Les Visiteurs
Le 08/10/2007 à 08:01Par Sabrina Piazzi
Après les échecs commerciaux de deux films personnels et ambitieux, America, America (1963) et L'Arrangement (1969), Elia Kazan ne parvient pas à imposer son nouveau projet auprès des majors. Les Visiteurs, écrit par son fils Chris, a donc été tourné par le cinéaste dans sa propre maison du Connecticut à l'aide de quatre techniciens, un budget de 100 000$ et en Super 16mm. Parmi les cinq acteurs du film, un jeune comédien de 25 ans crève l'écran, James Woods. A plus de 60 ans, Elia Kazan réalise un film d'une jeunesse exceptionnelle avec une caméra portée, des scènes d'intérieur à peine éclairées, une atmosphère clinique, et surtout un art magistral du découpage qui prend le spectateur aux tripes jusqu'à l'explosion de violence finale.

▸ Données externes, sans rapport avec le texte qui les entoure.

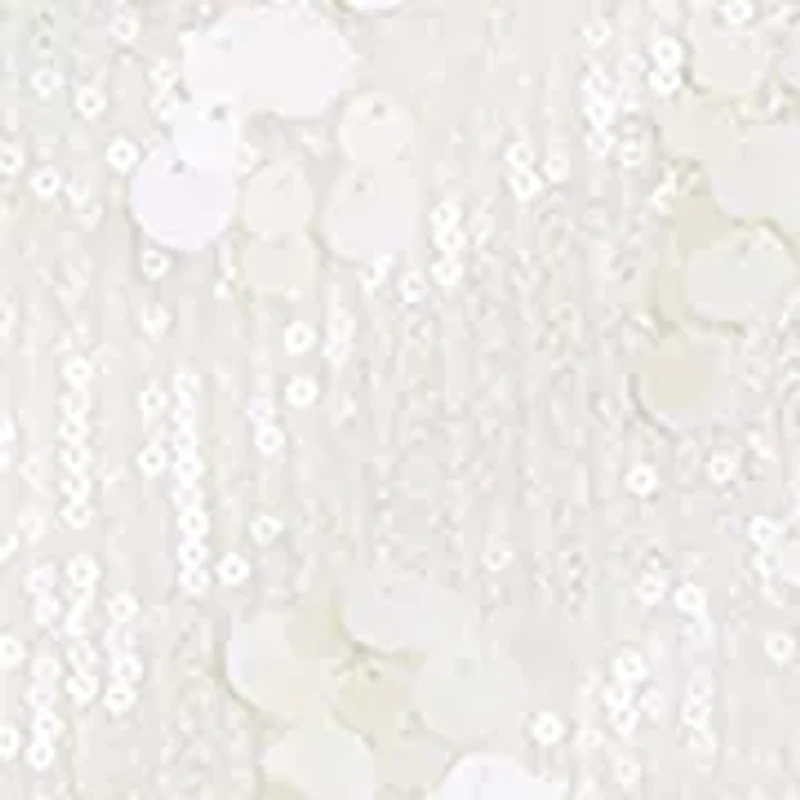 Women's Sequin Tweed A-Line Mini Skirt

Les Visiteurs demeure un des premiers films à évoquer le traumatisme post-Vietnam, d'où son rejet par les studios. Il est également fort à parier que Michael Haneke se soit fortement inspiré du film d'Elia Kazan pour Funny Games avec ce crescendo trouble et ambigu qui ne peut se conclure que par un débordement d'agression physique, tout comme le film rappelle énormément La Maison des otages de William Wyler et son remake réalisé par Michael Cimino en 1991. Enfin, le cinéaste exploite une fois de plus le thème de la délation, leitmotiv de son oeuvre. Empli d'une fureur de vivre contenue où chaque geste et chaque regard met mal à l'aise le spectateur, cet étonnant drame psychologique signé Elia Kazan est de ceux qu'on n'oublie pas.